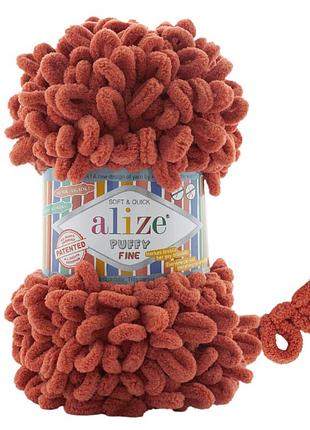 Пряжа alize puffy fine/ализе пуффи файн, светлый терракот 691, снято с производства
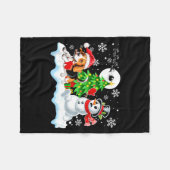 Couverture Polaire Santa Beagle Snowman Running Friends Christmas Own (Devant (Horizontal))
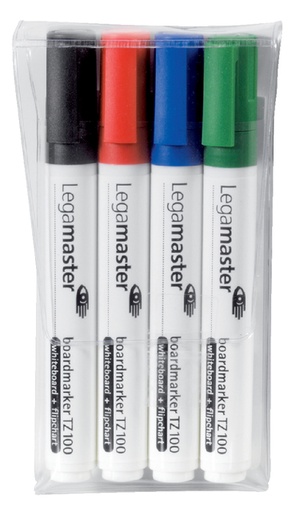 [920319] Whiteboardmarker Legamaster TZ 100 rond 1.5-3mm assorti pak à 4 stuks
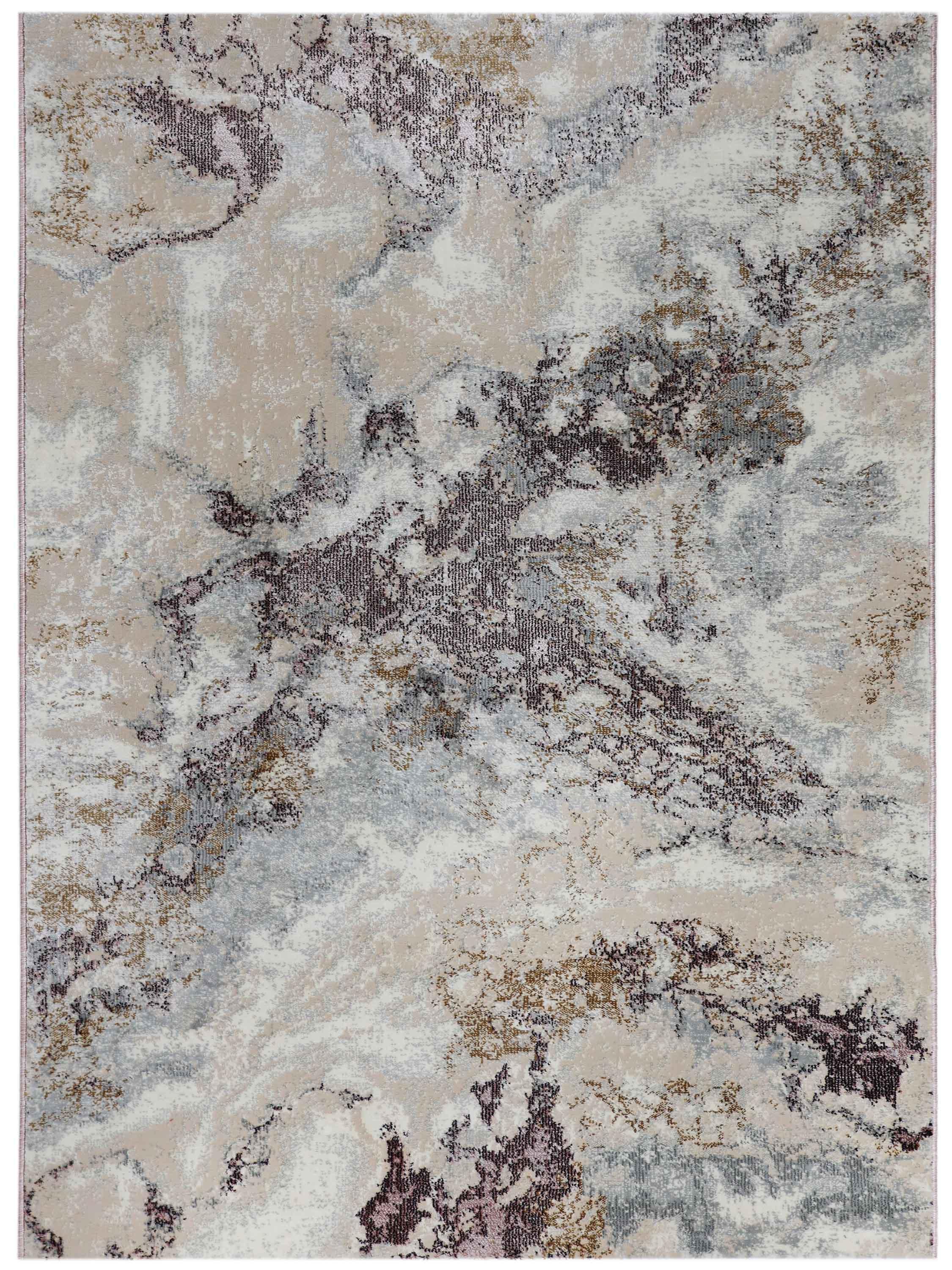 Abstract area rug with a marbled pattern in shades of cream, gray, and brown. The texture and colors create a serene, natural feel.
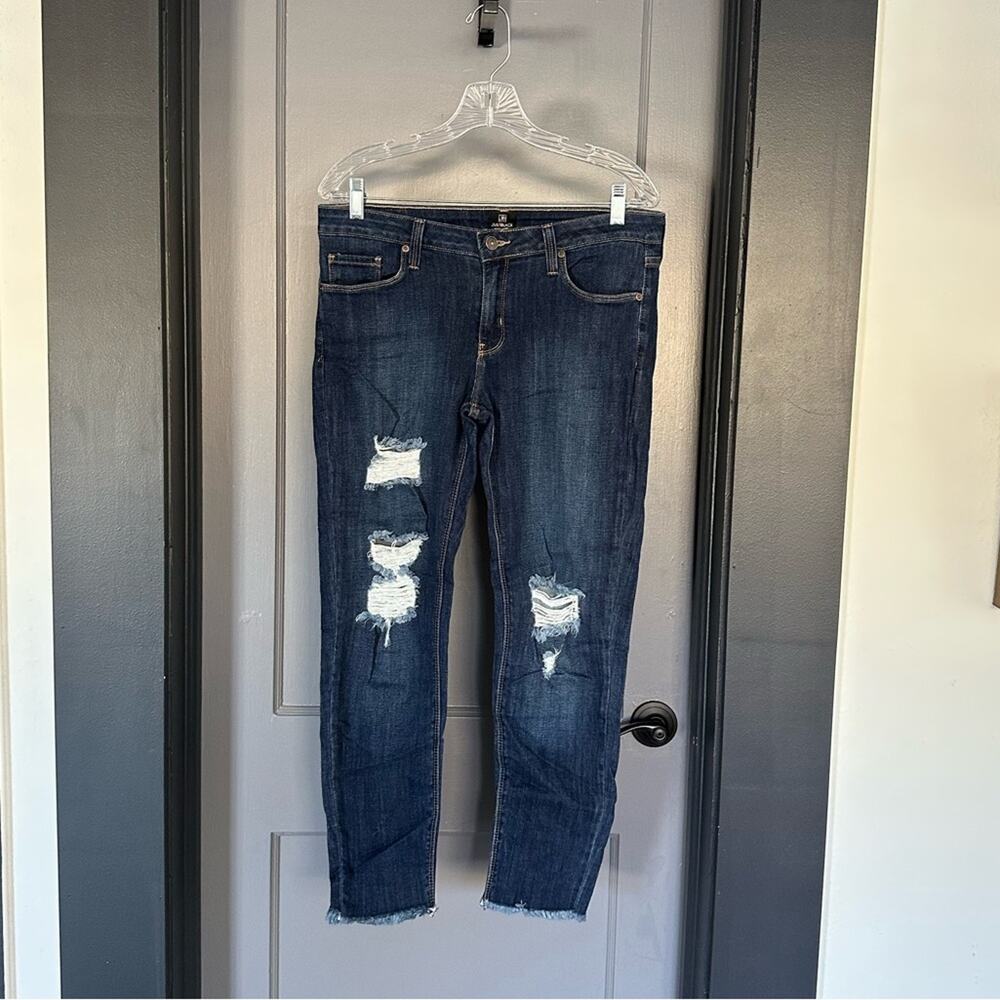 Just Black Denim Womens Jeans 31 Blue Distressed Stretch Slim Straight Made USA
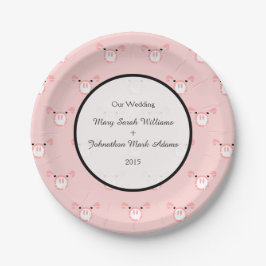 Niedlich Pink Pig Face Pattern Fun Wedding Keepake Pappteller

◆ **ACTION ITEM**
When you reach the line containing "Just Black Denim" in the entries above, please retype it and each line after it through the last one, exactly, without the pictures.

◆ **RESULT OF THE TASK**
 Just Black Denim Womens Jeans 31 Blue Distressed Stretch Slim Straight Made USA
 Niedlich Pink Pig Face Pattern Fun Wedding Keepake Pappteller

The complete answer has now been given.